You can’t blame the powers that be in American soccer for trying to capitalize on a potential American “breakthrough” World Cup. They saw a chance for Soccer to gain some wind in the United States, and the soccer federations and equipment companies gambled on the Americans surviving Group E, and grabbing the hearts of America. No one could have predicted their lackluster performance against the Czech Republic, and yes, Arena has to share some of the blame. However, to criticize his motivational tactics was simply irresponsible for experts who knew less about soccer than they knew about Angelina’s baby.
Most demanded Arena’s head on a platter for breaking up team chemistry, and predicted that tomorrow’s game against Ghana would be his last as head coach.

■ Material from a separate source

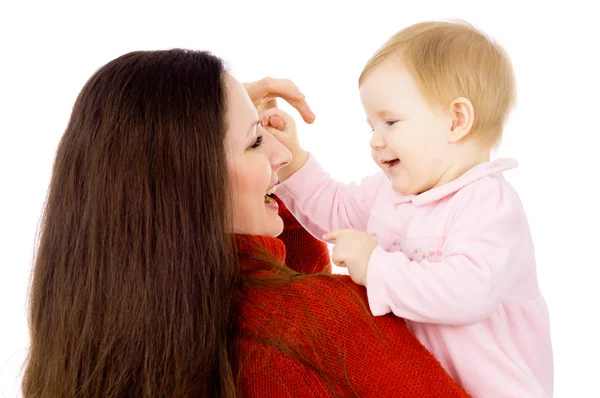 Mor spelas med en liten baby, en lycklig familj — Stockfoto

Instead, Arena, as he has done countless times (most recently in 2002 against Mexico) has outsmarted us all, proven he knows his team better than everyone (Even the sports writers), and left his squad with a fighting chance (think Geoff Ogilvy on the 18th tee at Winged Foot)of advancing going into tomorrow’s last day of group play.
Of course, any coach in the spotlight that Arena is this month has to be prepared to take his shots along with the praise. That isn’t the point. Arena deserves to be hit hard for the first match, and celebrated for the second. If Beasley’s goal is counted in the second half vs. Italy, you can bet screenwriters would be working hard on the movie script as we speak.
This pattern of sportswriters going on TV and offering their opinions on every issue in sports in two minute intervals has to stop. As much as I love ESPN, the new era of sports has its drawbacks. Any writer who looks good in front of a camera now goes on television and throwing their opinions around right and left as if they were facts, even when armed with no more than a couple of stats on the sport they are covering.
Meanwhile, Bruce Arena is preparing his team for what could be the biggest match of their lives tomorrow, after they were written off a week ago by all of these sports writers who we have converted into celebrities. I’m all for soccer taking off in the United States, but before any more sports writers leap on the bandwagon, lets hope they do a little bit of research before the next time they call for a coach’s head. Either take soccer seriously, or don’t grace us with your viewpoints.
One reply on “Dead and Buried- Yet Still Going Strong”
the us will always have a bunch of bandwagoners for the soccer team every 4 yrs because it will never be big like baseball or football. if they do well, they will be praised, if they suck it up like in prior yrs you will hear a lot of, what we have a soccer team?